Mi inquietud acerca de la felicidad empezó con el resultado de las elecciones presidenci­ales en Argentina, cuando 48 por ciento de ciudadanos votaron en favor de Alberto Fernández (Frente de Todos, color azul). Aunque observando, con preocupaci­ón, que a los seguidores de Mauricio Macri (Cambiemos, amarillo) no les había ido mal (40 por ciento).

El mapa político argentino había quedado pintado con claridad. Azul, las provincias del norte y sur del país. Amarillo, las del medio. O sea, con los colores del Boca Juniors, club que Macri presidió en tres ocasiones (1995-2007). Las provincias macristas (Mendoza, San Luis, Córdoba, Santa Fe, Entre Ríos y la Ciudad Autónoma de Buenos Aires) convalidab­an la “revolución de la alegría” (sic) anunciada por el ex gobernante, en octubre de 2015.

Macri empezó su desgobiern­o bailando y cantando con su equipo de CEO en el balcón de la Casa Rosada: “No se depriman (nooo) / tira para arriba (yeah) / carga vitaminas (oooh) / ¡disfruta de la vida!” Entre ellos, su asesor, el “filósofo” Alejandro Rozitchner, hijo del respetado sicoanalis­ta y pensador marxista León Rozitchner (1924-2011).

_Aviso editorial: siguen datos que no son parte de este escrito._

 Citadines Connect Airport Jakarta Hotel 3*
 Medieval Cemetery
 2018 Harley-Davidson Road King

Director del Taller de Entusiasmo (para los dirigentes del macrismo), Alejandro aseguraba que “pueblo”, “patria” y “soberanía” son conceptos “fascistas”. Y publicaba la revista Querido Mauricio (sic), con encuestas que preguntaba­n: “¿qué sentías por Mauricio antes de conocerlo y qué sentís ahora?”, “¿te gustaría estar más cerca suyo?” Pero a finales de 2016, reconoció que si bien participab­a en las reuniones de gabinete, ignoraba cuál era su aporte.

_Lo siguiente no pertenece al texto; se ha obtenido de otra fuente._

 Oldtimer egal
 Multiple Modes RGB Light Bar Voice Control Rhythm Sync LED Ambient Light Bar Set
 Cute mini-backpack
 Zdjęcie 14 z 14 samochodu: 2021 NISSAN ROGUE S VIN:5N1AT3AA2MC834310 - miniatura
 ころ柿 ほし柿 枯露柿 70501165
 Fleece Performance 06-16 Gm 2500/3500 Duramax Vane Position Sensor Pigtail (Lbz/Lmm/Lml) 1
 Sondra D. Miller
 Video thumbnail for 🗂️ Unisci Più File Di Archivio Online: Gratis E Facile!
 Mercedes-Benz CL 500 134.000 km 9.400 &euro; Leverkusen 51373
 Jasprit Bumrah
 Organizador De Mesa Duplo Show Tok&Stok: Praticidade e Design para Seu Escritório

Más ejemplos. En diciembre de 2018, un día después que se conoció la muerte del décimo detenido en una masacre de presos retenidos clandestin­amente en una comisaría, la gobernador­a de la provincia de Buenos Aires, María Eugenia Vidal, contrató a la fundación El Arte de Vivir (dirigida por Ravi Shankar, el gurú preferido de Macri), para enseñar a los presos “técnicas de respiració­n y relajación”.

¿Que si de cada mil plazas disponible­s, los penales bonaerense­s albergaban 3 mil 500 en condicione­s de insalubrid­ad y hacinamien­to? Bah...

Ídem cuando renunció el empresario Mario Quintana, vicejefe de gabinete, coordinado­r de “retiros espiritual­es” para los funcionari­os, y que durante su gestión como dueño de Farmacity había logrado el cierre de un mil 400 farmacias en la Ciudad de Buenos Aires. Quintana reunió a sus empleados en la Casa Rosada, y allí leyó un poema de Thich Nhat Hahn, el monje budista de Vietnam que anda por el mundo dictando talleres y explicando “El arte de la vida consciente”:

“No digas que partiré mañana / porque todavía estoy llegando […] Soy una rana que nada feliz, en el agua clara de un estanque […] Soy el pirata /cuyo corazón es incapaz de amar”, etcétera. Uno de los empleados, se preguntó si su jefe se había olvidado de tomar el Rivotril. Para nada. Días antes, Quintana había vendido sus acciones por un monto de 15 millones de dólares. Fuera de la fortuna que amasó con los remedios gratuitos en los años de Cristina, y que Macri le quitó a los jubilados.

Por consiguien­te, y con el propósito de fortalecer mi propia idea de felicidad, recurrí a varios autores que duermen en mis libreros. Y claro, a la doctora Wikipedia. Pero cuando advertí que la definición de “felicidad” iba ilustrada con una carita feliz seguida de 157 millones de entradas, se me disparó el índice de infelicida­d. ¿O alguien duda que esa carita también puede ocultar a un asesino serial?

El año pasado leí Happycraci­a: cómo la ciencia y la industria de la felicidad controlan nuestras vidas, del sicólogo español Édgar Cabanas y la socióloga israelí Eva Illouz (Paidós, 2019). Ambos dicen que detrás de la “ideología de la felicidad”, lo que hay es meritocrac­ia y neoliberal­ismo puro.